Samantha Jenkins works in front of the large picture window in her apartment in Browne's Addition.
 (Christopher Anderson/ / The Spokesman-Review)
Amy Klamper Correspondent

“I’ve been downsizing for about eight or nine years now,” Samantha Jenkins says from a cozy chair in the living room of her apartment in Browne’s Addition.

Although the hip, just-turned-40 mother of two teenagers seems an unlikely candidate for empty-nest syndrome, Jenkins expects to be living solo before the decade is out. So while many of her peers have spent their 20s and 30s accumulating material wealth, Jenkins has been gradually shedding it.

“I’ve been a single parent for a long time,” says Jenkins, a real estate agent with RenCorp, a development and brokerage company in Spokane. “It just became cumbersome with all of the things that we had.”

A former first-grade teacher and Navy veteran with more than 20 years of service under her belt, Jenkins has moved approximately twice during each of the past four years, a situation that has allowed her to “weed out the things we don’t need,” she says.

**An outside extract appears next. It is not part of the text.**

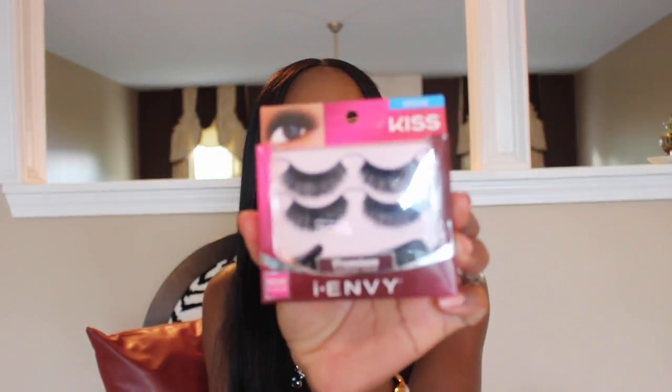Coming down to my eyes, the lashes I've been loving lately are Kiss Envy Premium by Kiss — specifically the style KPED 39. I am really loving these lashes. This is what the pack looks like. I'm not sure if everyone is supposed to use what I use, so be careful — if you're allergic, do not follow me on this.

What remains is a spare but colorfully eclectic assortment of antiques, art and a few select knick-knacks from the family’s world travels.

Sipping on a steaming mug of tea while her youngest, 14-year-old Madison, perches on a nearby ottoman, Jenkins says she is grateful for the opportunity to simplify her life, though the process hasn’t always been easy.

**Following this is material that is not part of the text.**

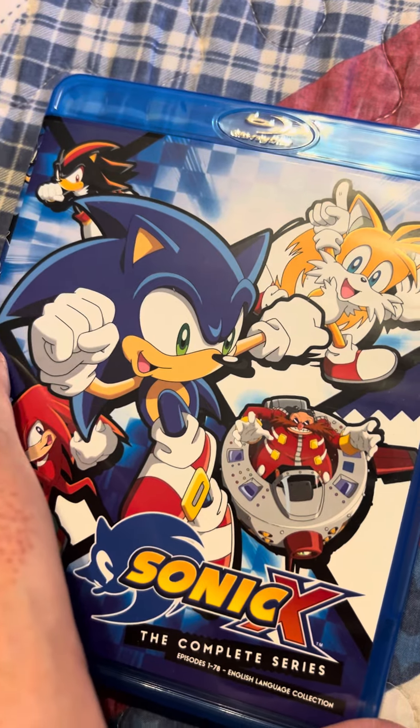Let me go ahead and open up the packaging real quick. I've got my key fob with me so I'll just use that. Alright, here it is — Sonic X. Got the packaging off.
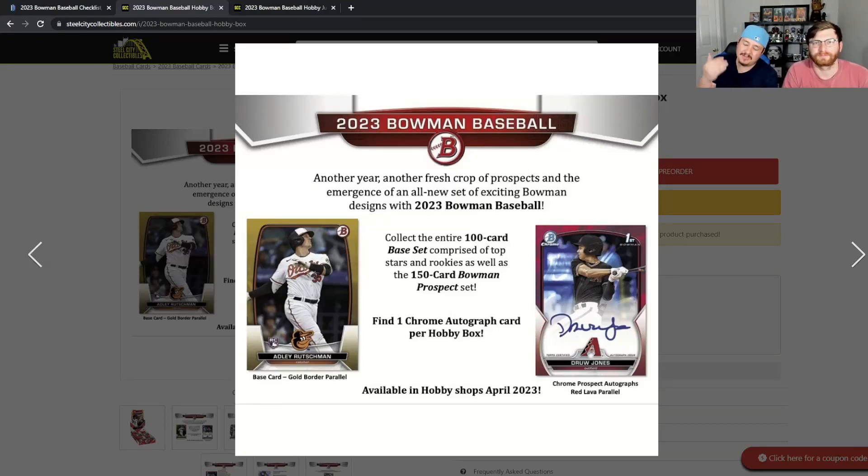Welcome back everyone to another Bloodline video with your boy Steve and Ryan back at it again. Today we are going to be talking about 2023 Bowman Baseball.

Over the past few years Jenkins and her family migrated back and forth between Spokane and California, where she taught first grade after completing her masters in education at Whitworth College. But in 2005 she was deployed to the Middle East for a year as part of her Navy service during Operation Iraqi Freedom.

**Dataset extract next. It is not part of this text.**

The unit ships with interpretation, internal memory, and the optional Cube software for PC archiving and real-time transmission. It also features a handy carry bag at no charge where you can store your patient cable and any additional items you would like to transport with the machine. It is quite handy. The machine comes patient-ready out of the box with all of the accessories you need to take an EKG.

“I downsized so much that I ended up living in a tiny cubicle in Kuwait,” she says. “My belongings lived in a tiny storage facility in Deer Park, my oldest lived in a tiny house in South America and my youngest lived in a medium-sized house with my sister in Browne’s Addition.”

Jenkins’ daughter Miranda, now 17, spent a year abroad in Paraguay as part of a school exchange program. Today all three are living under a modest roof in a vintage 1960s flat, complete with pink Formica bathroom counters, a wet bar with mirrors, glass shelves and a gold sink, and a stunning view of the city, including the MAC, the courthouse and Mount Spokane.

“I love apartment or condo living because you can just pick up and go,” Jenkins says, adding that once Miranda and Madison graduate from Lewis and Clark High School, she sees herself returning to teaching and living in a studio or one bedroom in an urban area. “I love urban living, just because it’s so convenient.”

And safe.

“Many people seem to have a problem with moving their families into ‘this’ environment,” she says. “I was robbed twice in six months and that is what started my lean towards downsizing.”

Jenkins points out that the robberies occurred when she and her daughters were living in a residential community with lots of neighbors nearby.

“I never had any crime or problems in an urban setting,” she says.